The tenant is typically responsible for home maintenance expenses such as repairs. Buyers and owners usually consider this a fair arrangement since the buyer will eventually own the property. But, the specifications of the financial responsibilities of home repairs should be outlined in the lease agreement.

7. Miscellaneous Terms

The lease to purchase agreement and the contract of sale usually include cross-default provisions, making specific clauses mutually exclusive. So, if either party violates a provision in the lease agreement, like defaulting on rent payments, it can automatically void the contract of sale.

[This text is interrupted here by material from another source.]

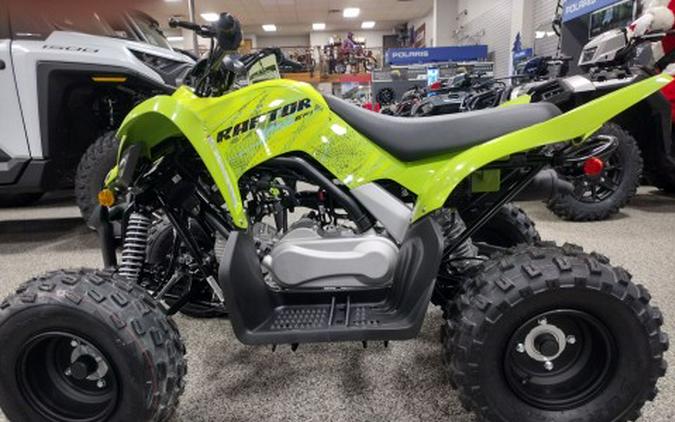 2026 Yamaha Raptor 110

Additionally, the buyer must qualify for financing by the end of the lease term. If they cannot qualify for a mortgage, they may forfeit the sale portion of the contract.

Benefits Of Lease Purchase Agreements 

Buyers and owners can both benefit from a lease purchase agreement. However, like with any contract, there is a level of risk each party should be aware of.  

Owner Benefits

Owners can benefit from a rent-to-own agreement in the following ways:

  • Easier selling process: Selling a home through a REALTOR® or estate agent can often be lengthy and tedious. Choosing a lease purchase agreement can simplify the process since the seller can transfer ownership on the closing date. 
  • Locks in the property’s sales price: The owner can lock in the home’s purchase price upon completing the lease purchase agreement. Depending on the market conditions, this could be a favorable option to the seller, specifically if the real estate market is cooling off.  
  • Attracts tenants: For property owners struggling to find tenants, a rent-to-own agreement may attract responsible renters and take good care of the property. 
  • Large upfront option fee: Even if the buyer is unable to move forward with the transaction and defaults, the seller has the right to pocket the option fee when the lease expires. 
  • Help with maintenance costs: As part of the lease purchase agreement, owners can require renters to split some of the maintenance, property taxes and insurance. Having the renter pay a portion of the housing expenses can offset the owner’s cost. 


Buyer Benefits 

First-time homebuyers and renters may find a lease to buy agreement appealing for a variety of reasons including:

  • Rent turns into a down paymentA portion of the buyer’s rent can go toward the down payment, which can help the buyer save for a more substantial down payment. However, in some cases, the rent payment will exceed the market value, so the landlord isn’t losing money on the property.
  • Builds equity in the home: When the home’s value exceeds the already prearranged purchase price, the buyer instantly builds equity in the home. 
  • Avoid moving again: Moving is not only stressful, but it’s costly. The buyer can stay put and avoid moving costs with a rent-to-own agreement.
  • Time to repair credit scoreDTI ratio, etc.: For the buyer that doesn’t have a favorable credit score or DTI, renting to own can give them time to improve their financial standing. This way, the renter can save interest money and lock in better loan terms.
  • Provides a test drive of the home: Rent-to-own agreements give buyers time to test a property before deciding to buy. So, if they are unsure of where they want to live, they don’t have to decide immediately.  

The Bottom Line

A lease purchase agreement is a contract between a renter and owner that gives the renter the right to buy the home after the lease is up. The agreement is advantageous because it gives a renter more time to prepare financially for buying a home.

But, remember, how you buy a home depends on your unique financial situation and what works best for your needs. Therefore, exploring all options before entering a lease-to-purchase agreement is wise.